In 2011 Best Buy told customers in late November that their inventory pipeline had broken down and there would be a shortage of many of their most popular items for the Holiday season. Best Buy expected that this announcement would prompt consumers to rush to their cars or their computers and buy like crazy. But just the opposite happened; their customers set up such a hullaballoo of complaints that the company has never completely recovered from that gaffe.
It’s the same for every business, big or small; that delicate balance between overstocking and understocking for the Holidays that spells the difference between a fat and rosy bottom line and a thin and starving one. Most merchants expect to do about twenty percent of their business between now and December 31st.
Keep the following inventory tips in mind to make this season’s sales the merriest:
How early do your potential customer start their research for big ticket items they are thinking of purchasing for the Holidays? Most studies say they begin this process in October. So doesn’t it make sense for you to have your Holiday marketing strategy well in place by October as well? And to have a solid estimate of how much inventory you expect to move this Holiday season. If you want to wow consumers with bargains and special offerings you should have all details worked out before Halloween — not after Thanksgiving! So if you haven’t gotten your marketing/inventory details set yet — make it happen right now or start kissing those Holiday profits goodbye!
Whether it’s a brick and mortar store or an online store, or combination of both, inventory control can either be your best friend or your worst nightmare. It all depends on how organized and transparent the warehouse network is. An organized warehouse will have software in place that tells managers immediately if there is a shortage of any product or an overabundance of any item. If you don’t have the software or the staff in place, taking an online programming and development course could be your next best option. Accurate and organized inventory not only boosts sales but also gives the customer an exceptional service experience. This is very important to the bottom line when you consider 90% of customers who are dissatisfied, will not buy again or come back unless handled correctly.

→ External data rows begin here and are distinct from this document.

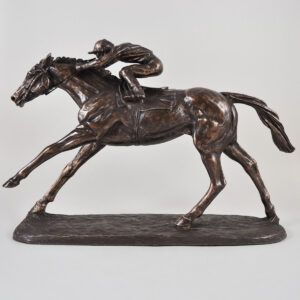 Custom Cold cast bronze Horse & Jockey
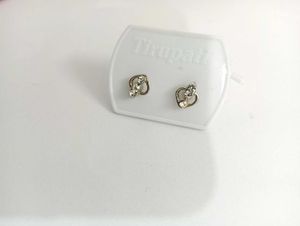 Tiropett Stud Earrings with Rhinestones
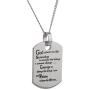 Serenity Prayer Necklace for Women- God Grant Me The Serenity Mantra Daily Reminder Pendant Necklace, Serenity Jewelry, Inspirational Necklace & Gifts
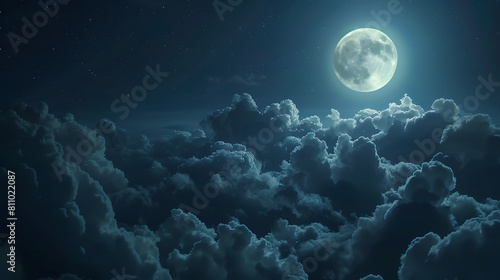 moonlit cloud on a blank background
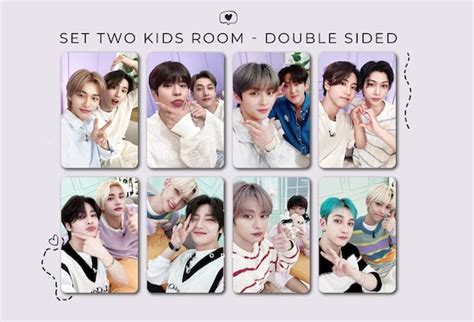 Set Stray Kids Two Kids Room Photocard Kpop Bangchan Etsy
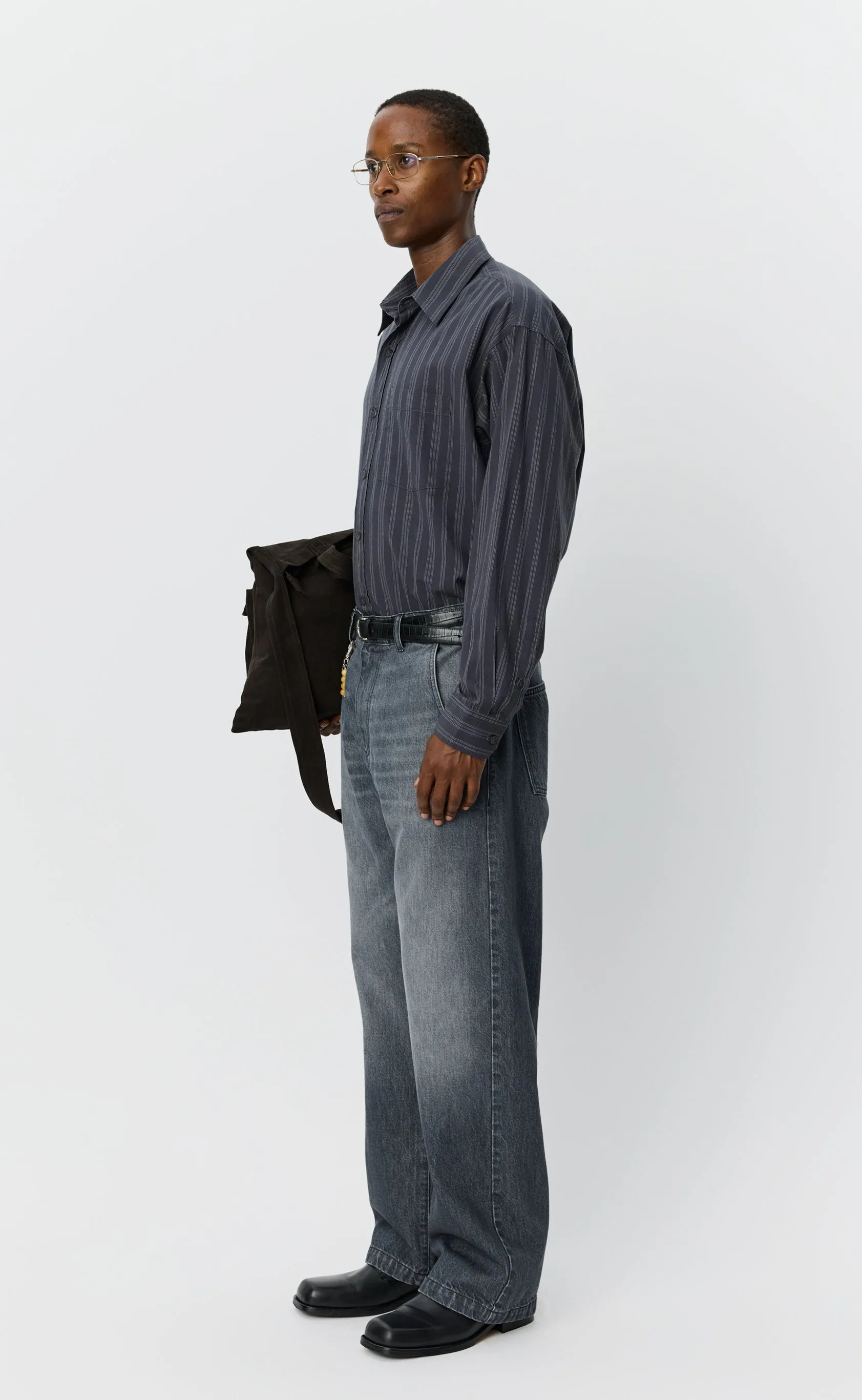 Straight Cut Jeans - Stonewashed Grey sold by mfpen product image thumbnail 2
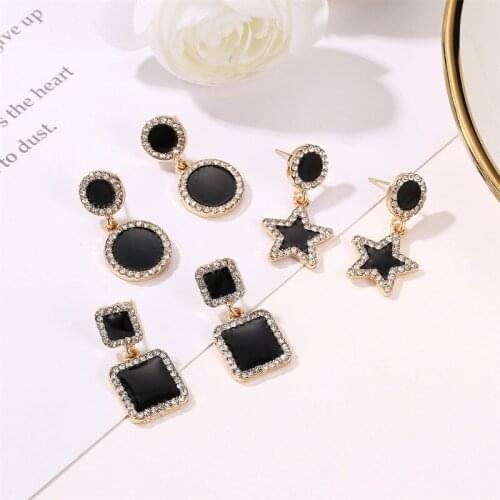 Earrings Women Drop A Pair/set Gorgeous White Yellow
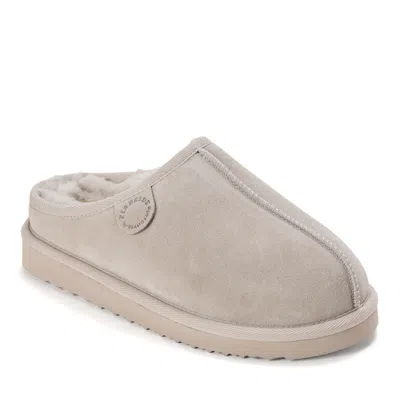 Dearfoams Women's Fireside By  Greta Genuine Shearling Clog - Water Resistant In Neutral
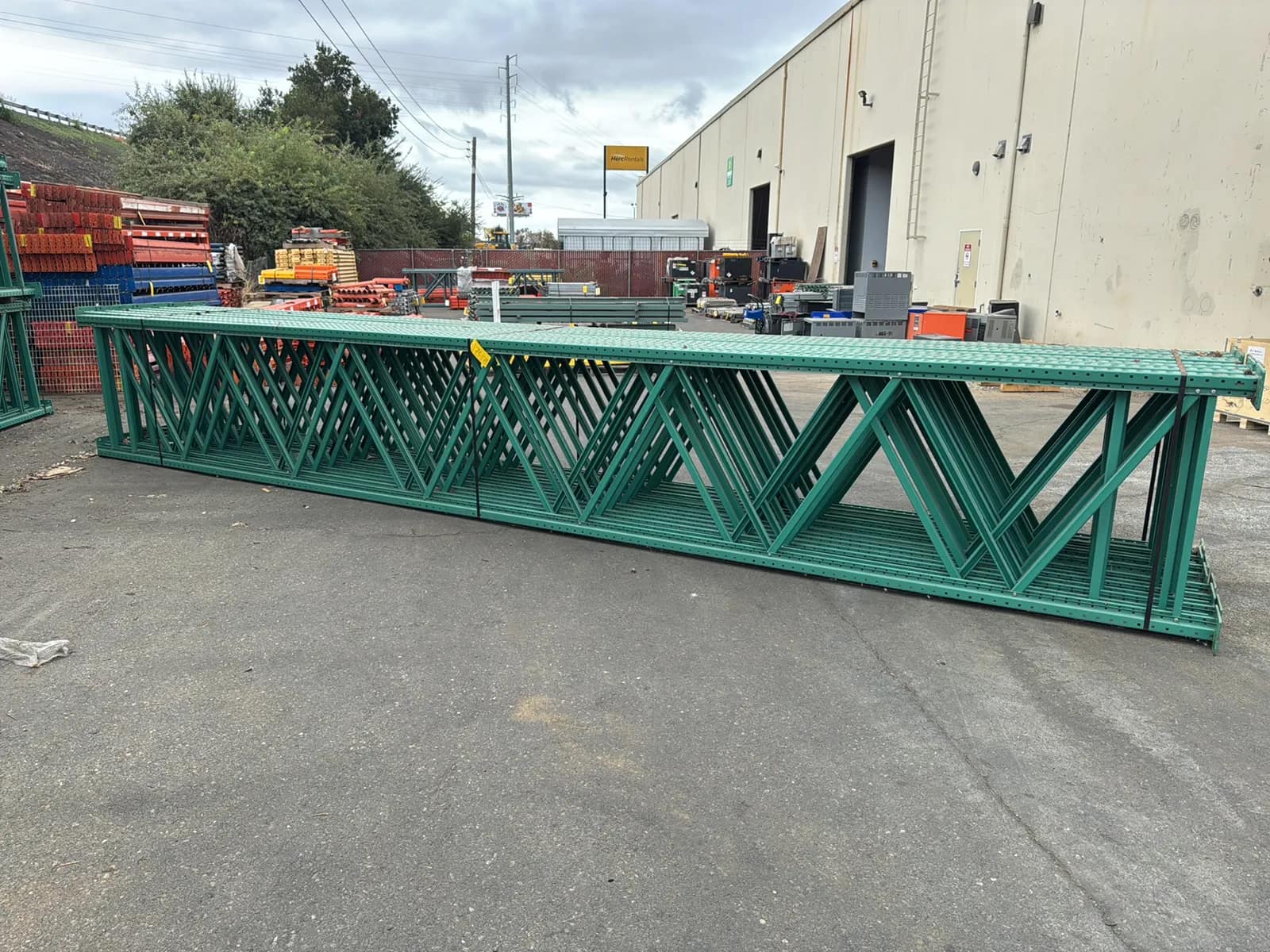 (15) 24’ Pallet Racking Uprights, photo 2 of 7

Big ticket items are often sold for just a nano-cent over cost, in order to keep such heavy inventory moving. There’s not much profit margin there. So don’t forget small ticket items. They are often in great demand around the Holidays and can be priced so that both the consumer and the merchant feel comfortable with the exchange rate.
And after . . . ?
Merchants tend to think that all their inventory problems are over once the Holidays have come and gone. Then it’s time to sit back and relax, counting your profits, right? WRONG. One of the biggest inventory challenges is still ahead — returns and refunds. Depending on your product, you should factor in the cost of refunds, especially on big ticket items. Don’t get caught short-handed after the Holiday rush and be unable to process refunds in a timely and friendly manner. Nothing loses customers faster than a balky and rude return process that leaves customers feeling frustrated and mistrusted. Besides, studies show that a friendly and proactive returns policy can persuade up to 33 percent of customers to either accept the item over a cash refund or purchase something similar.
And all the returns must be recycled back into your inventory at the warehouse, or sent back to the originator. And if you don’t think that doesn’t take any planning, you’re in for a big surprise!